For the sake of consistency, the tariff preferences granted under the general arrangement should not be extended to developing countries which are benefiting from a preferential market access arrangement with the Union, which provides at least the same level of tariff preferences as the scheme for substantially all trade. To provide a beneficiary country and economic operators with time for an orderly adaptation, the general arrangement should continue to be granted for two years as from the date of application of a preferential market access arrangement and this date should be specified in the list of beneficiary countries of the general arrangement.

(10)Countries listed in Annex I to Regulation (EC) No 732/2008 and countries benefiting from autonomous preferential access to the Union market under Regulation (EC) No 732/2008, Council Regulation (EC) No 55/2008 of 21 January 2008 introducing autonomous trade preferences for the Republic of Moldova (4) and Council Regulation (EC) No 2007/2000 of 18 September 2000 introducing exceptional trade measures for countries and territories participating in or linked to the European Union’s Stabilisation and Association process (5) should be considered eligible for the scheme. Overseas territories associated with the Union and overseas countries and territories of countries that are not listed in Annex I to Regulation (EC) No 732/2008 should not be considered eligible for the scheme.

(11)The special incentive arrangement for sustainable development and good governance is based on the integral concept of sustainable development, as recognised by international conventions and instruments such as the 1986 United Nations (UN) Declaration on the Right to Development, the 1992 Rio Declaration on Environment and Development, the 1998 International Labour Organisation (ILO) Declaration on Fundamental Principles and Rights at Work, the 2000 UN Millennium Declaration, and the 2002 Johannesburg Declaration on Sustainable Development. Consequently, the additional tariff preferences provided under the special incentive arrangement for sustainable development and good governance should be granted to those developing countries which, due to a lack of diversification and insufficient integration within the international trading system, are vulnerable, in order to help them assume the special burdens and responsibilities resulting from the ratification of core international conventions on human and labour rights, environmental protection and good governance as well as from the effective implementation thereof.

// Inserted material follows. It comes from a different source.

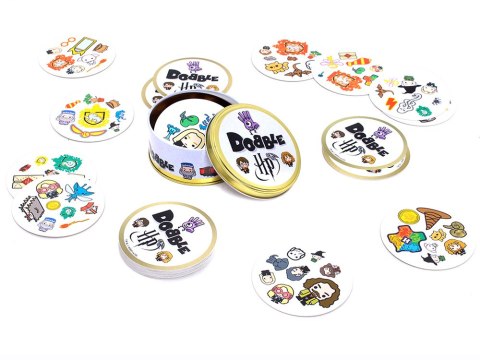 Gra Karciana gra Dobble Harry Potter - okrągłe karty do gry GR0772 Gra Karciana gra Dobble Harry Potter - okrągłe karty do gry GR0772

(12)Preferences should be designed to promote further economic growth and, thereby, to respond positively to the need for sustainable development. Under the special incentive arrangement, the ad valorem tariffs should therefore be suspended for the beneficiary countries concerned. The specific duties should also be suspended, unless combined with an ad valorem duty.

(13)Countries that fulfil the eligibility criteria for the special incentive arrangement for sustainable development and good governance should be able to benefit from the additional tariff preferences if, upon their application, the Commission determines that the relevant conditions are met. It should be possible to submit applications as from the date of entry into force of this Regulation. Countries which benefit from the tariff preferences of the scheme under Regulation (EC) No 732/2008 should also submit a new application.

(14)The Commission should monitor the status of ratification of the international conventions on human and labour rights, environmental protection and good governance and their effective implementation, by examining the conclusions and recommendations of the relevant monitoring bodies established under those conventions (the relevant monitoring bodies). Every two years, the Commission should present to the European Parliament and the Council a report on the status of ratification of the respective conventions, the compliance of the beneficiary countries with any reporting obligations under those conventions, and the status of the implementation of the conventions in practice.

(15)For the purposes of the monitoring and the withdrawal of preferences, reports from relevant monitoring bodies are essential. However, such reports may be supplemented by other sources of information, provided that they are accurate and reliable. Without prejudice to other sources, this could include information from civil society, social partners, the European Parliament and the Council.

(16)The special arrangement for the least-developed countries should continue to grant duty-free access to the Union market for products originating in the least-developed countries, as recognised and classified by the UN, except for trade in arms. For a country no longer classified by the UN as a least-developed country, a transitional period should be established, to alleviate any adverse effects caused by the removal of the tariff preferences granted under this arrangement. Tariff preferences provided under the special arrangement for the least-developed countries should continue to be granted for those least-developed countries, which benefit from another preferential market access arrangement with the Union.

(17)To ensure coherence with the market access provisions for sugar in the Economic Partnership Agreements, imports of products under heading 1701 of the Common Customs Tariff should require an import licence until 30 September 2015.

(18)As regards the general arrangement, the differentiation between tariff preferences for non-sensitive products and tariff preferences for sensitive products should be maintained, to take account of the situation of the sectors manufacturing the same products in the Union.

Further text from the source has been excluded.